Una vez en carretera, se relajó. Estaba tan orgulloso de su coche como otros lo están de su hijo o de su perro. Era un buen coche. Rápido y seguro.
Por eso no comprendió que había tenido un accidente, ni al oír el choque, ni al sentir el derrape, ni al empezar la tercera vuelta de campana. Y no tuvo tiempo de entenderlo, después, justo antes de desplomarse en el olvido de la inconsciencia.
Sí lo entendió cuando, al despertar, estaba en el hospital, inmóvil, en una cama blanca. No sentía dolor localizado, pero sí aturdimiento, y, como un puñetazo en el rostro, la dura realidad del recuerdo.

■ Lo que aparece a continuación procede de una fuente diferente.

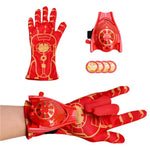 Super Heroes Figures Toy PVC Ironman Hulk Captain America Launcher Toys Gloves Kids Brinquedos Gift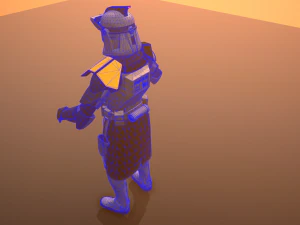 star wars clone trooper phase 1 heavy 3D Model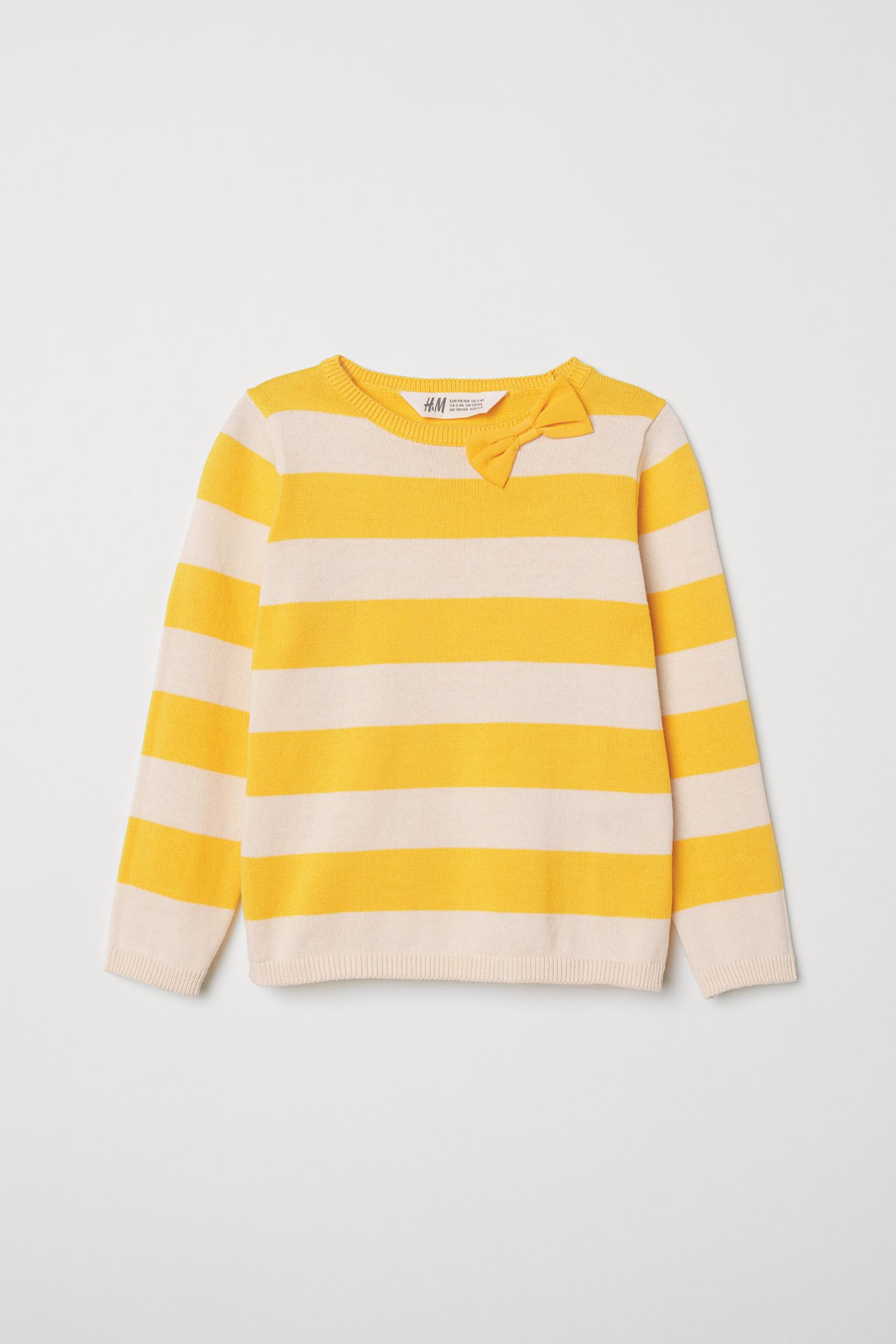 

Джемпер H&M 98 104см желтый полоска 12036810999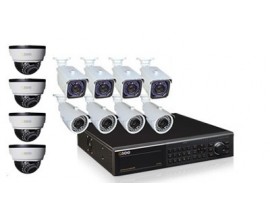 32 Channel DVR | 12 Cams | 600/650TVL Res | 100/120ft Night Vision 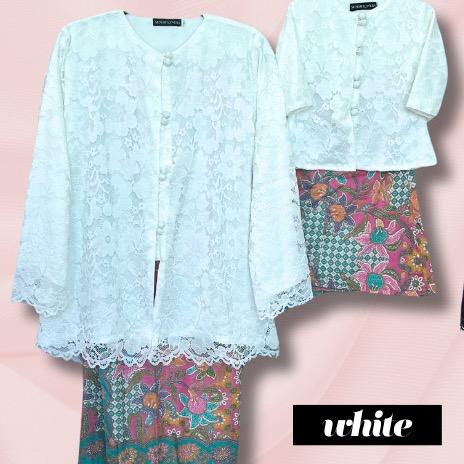 Jelita Kebaya Lace Set for Mom and Daughter - Sedondon Raya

Pero lo peor fue, al hacerse consciente de todo, aquella sensación que lo invadió. Una sensación de pérdida tan grande, tan inmensa, que le dolió con una quemazón desgarradora. Aterrado, presa del pánico, buscó desesperadamente el botón de emergencias para llamar a la enfermera y gritó como un poseso hasta que ella fue a buscar al médico. Al llegar éste, lo increpó como un loco.

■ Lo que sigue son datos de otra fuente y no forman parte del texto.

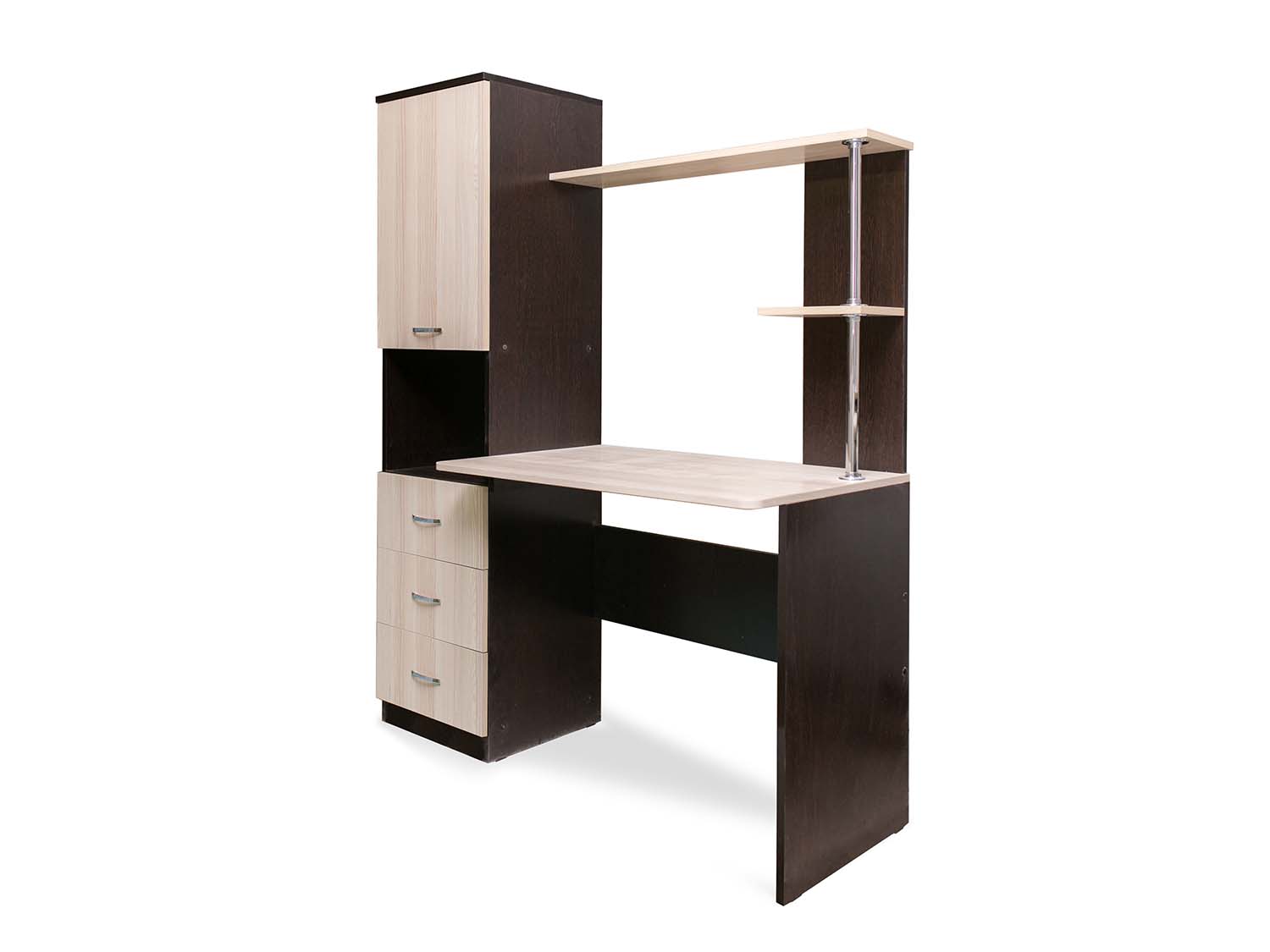 Стол компьютерный СК-8 венге/ясень шимо светлый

-¿Qué me han cortado? -le gritó, fuera de sí-. ¡Dígamelo! ¡Dígame la verdad! ¡Exijo saber la verdad! ¿Una pierna? ¿Ha sido una pierna? ¡Dígame qué parte de mí; han cortado!

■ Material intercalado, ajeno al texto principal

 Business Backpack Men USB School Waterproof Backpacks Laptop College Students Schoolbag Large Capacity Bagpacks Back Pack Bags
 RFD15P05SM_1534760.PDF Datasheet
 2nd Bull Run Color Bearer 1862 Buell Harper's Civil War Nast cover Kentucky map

Hizo falta una dosis muy alta de sedante para calmarlo, y, cada vez que despertaba, fue lo mismo los tres días siguientes. Al cuarto, se negó a aceptar el sedante, mandó que lo sentaran, se palpó el cuerpo, pidió un espejo, todo sin poder dar crédito a que estaba entero, sin entender que no le faltaba ni una uña. Gracias al airbag.
Aun así, la sensación de pérdida era tan grande que se negaba a creer que no le faltase algo, quizás un órgano interno. Le enviaron al psiquiatra del hospital. No le dijo nada nuevo, que no le faltaba nada, que era normal, el desconcierto, la confusión, el shock del accidente.
Como la promesa de un consuelo, se sintió algo mejor mientras estuvo el médico, pero al quedarse solo, de nuevo le asaltó aquella sensación de vacío irremediable, de ausencia, se llevó las manos al corazón, quisó, no sé, quizá rezar, y se abandonó luego a un inconsolable llanto.